Principal Carl Lewelling walked into my Tennessee History class at Pi Beta Phi Elementary School in Gatlinburg. At the time, I was looking at a map of the Volunteer State counting the number of counties named in honor of presidents: Washington... Monroe... Madison... Van Buren... Jackson... Lincoln... Jefferson...

The school's leader was ashen. After speaking briefly to Mrs. Wolfe, our teacher, he turned to the class.

A tall, forceful man with a shock of hair that fell down over his forehead, Lewelling was obviously rattled, words could not have come easily, how could you relate such unspeakable horror to young minds, seven-year-olds, eight-year-olds, etc. but he had the same grave message to deliver to over 16 classes of youngsters, and he did them all himself. A message that sorrowful had to be done in person.

"Class," said Lewelling. "President Kennedy has just been assassinated. He is dead."

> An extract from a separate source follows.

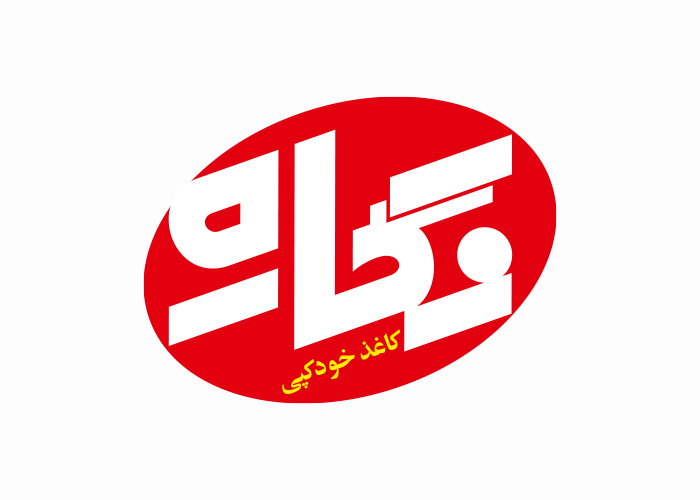 دانلود لوگو کاغذ خودکپی نگاره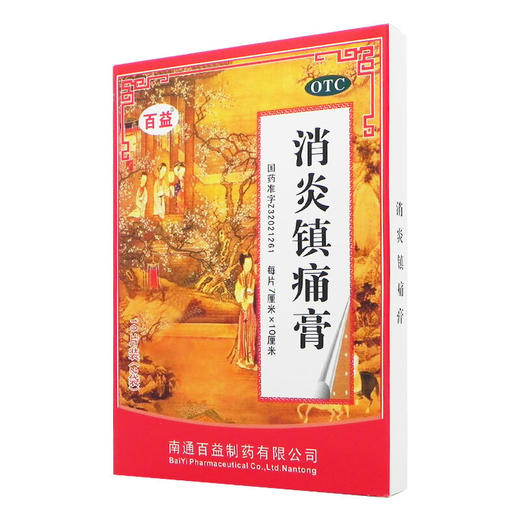 百益消炎镇痛膏10贴肩痛关节痛肌肉扭伤疼痛神经风湿肩痛 商品图3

The news was too big for me to comprehend. Too big for the class to comprehend. Too big for the nation. All fell silent. Shock shuts down the system. In the hallway, teachers wept. Others teared up not quite knowing why.

A charismatic president too young to die. A small mountain school too young to fathom its meaning. 

And for the next four days my whole family set around the television watching the drama play out in black and white. Four days of pathos, national suffering, much too big for anyone to comprehend.

My good friend Guy was only four-years-old. "No one would tell me what had happened. I could see it on TV, see everyone crying, but no one explained it to me. I had to somehow make sense of it all." 

Those of us who were alive at the time will never ever forget. It's burned into our emotional core, seared into our temporal lobe. The sight of First Lady Jackie in that hot pink Chanel suit with matching pillbox hat still brings the tears, half a century later.